Using Multiwavelength Observations of Short GRBs to Constrain Their Progenitors
2012-03-14T14:38:23Z (GMT) by
Short gamma-ray bursts (SGRBs) are extremely bright flashes of gamma-rays, lasting less than 2 s, originating from beyond the Milky Way but their progenitors remain unknown. The most popular progenitor theory involves the merger of two compact objects, either two neutron stars (NSs) or a NS and a black hole (BH), which then collapse to form a BH. A small proportion of SGRBs may instead be giant flares from extragalactic soft gamma-ray repeaters (SGRs) in nearby galaxies. The aim of this Thesis is to place constraints on the progenitors of SGRBs using multiwavelength observational data.
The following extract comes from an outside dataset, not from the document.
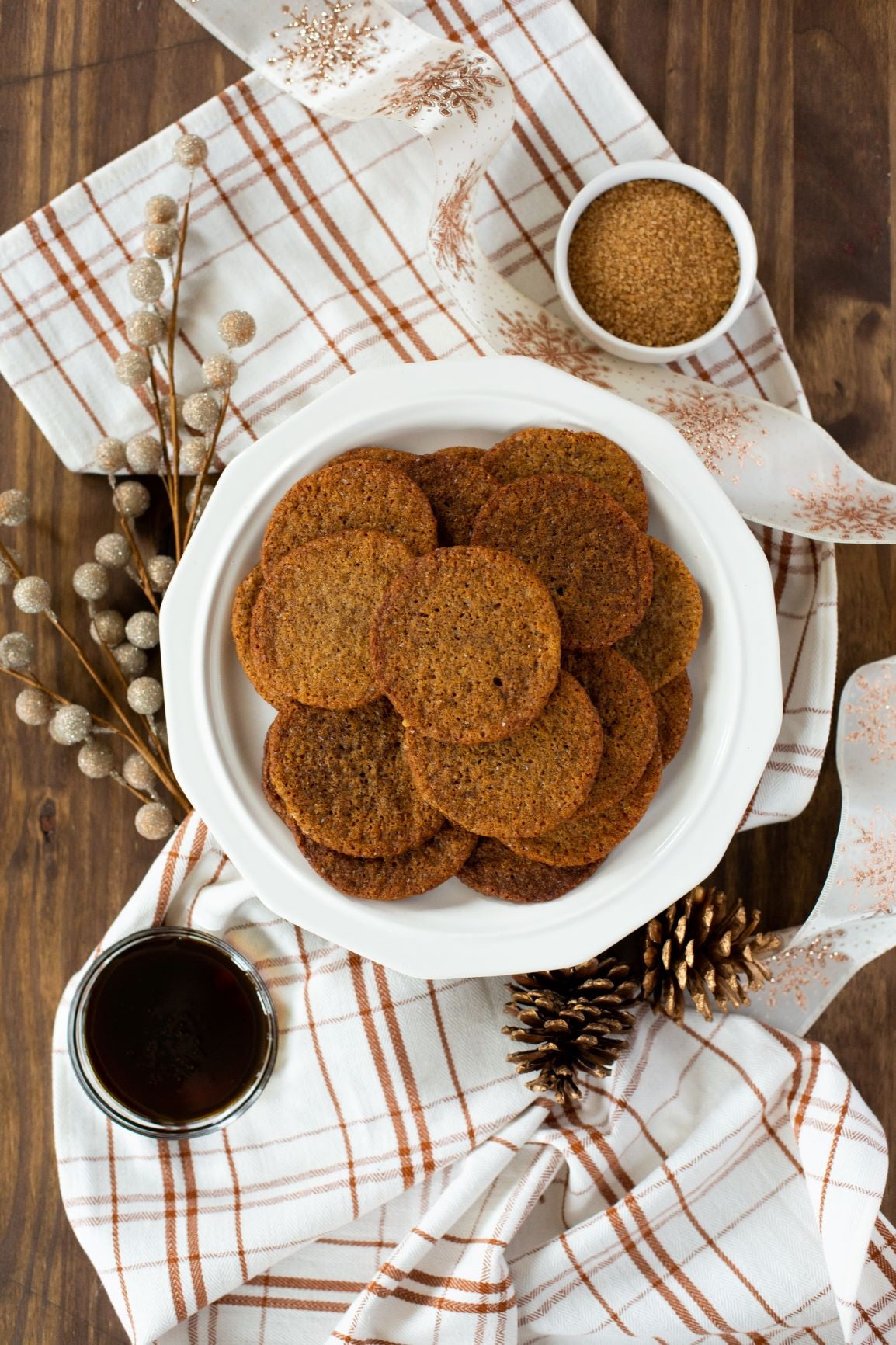 Molasses Cookie Mix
The extragalactic SGR giant flare theory is tested by considering the properties of three candidate SGRBs which may have occurred in nearby host galaxies. It is likely that only one of the three was an extragalactic SGR giant flare and, although they are all shown to be consistent with this progenitor, GRB 070201 is most convincing candidate. Afterglow predictions are made for future candidates. Following on from the giant flare candidates, more typical SGRBs are considered. GRB 080905A is the nearest confirmed SGRB, occurring offset from a spiral galaxy at z∼0.12 which is studied using spatially resolved spectroscopy. The properties of GRB 080905A are shown to be consistent with a compact binary merger. GRB 090515 was a SGRB with an extremely unusual bright X-ray plateau and extremely steep decay phase. However, the prompt and late time properties are consistent with typical SGRBs. The plateau is explained by an unstable magnetar, formed during the SGRB, which collapses to form a BH within a few hundred seconds. The magnetar is suggested to be formed via the merger of two NSs. Many Swift SGRBs are shown to have evidence of energy injection within their X-ray lightcurves and 44–76% are consistent with forming a magnetar.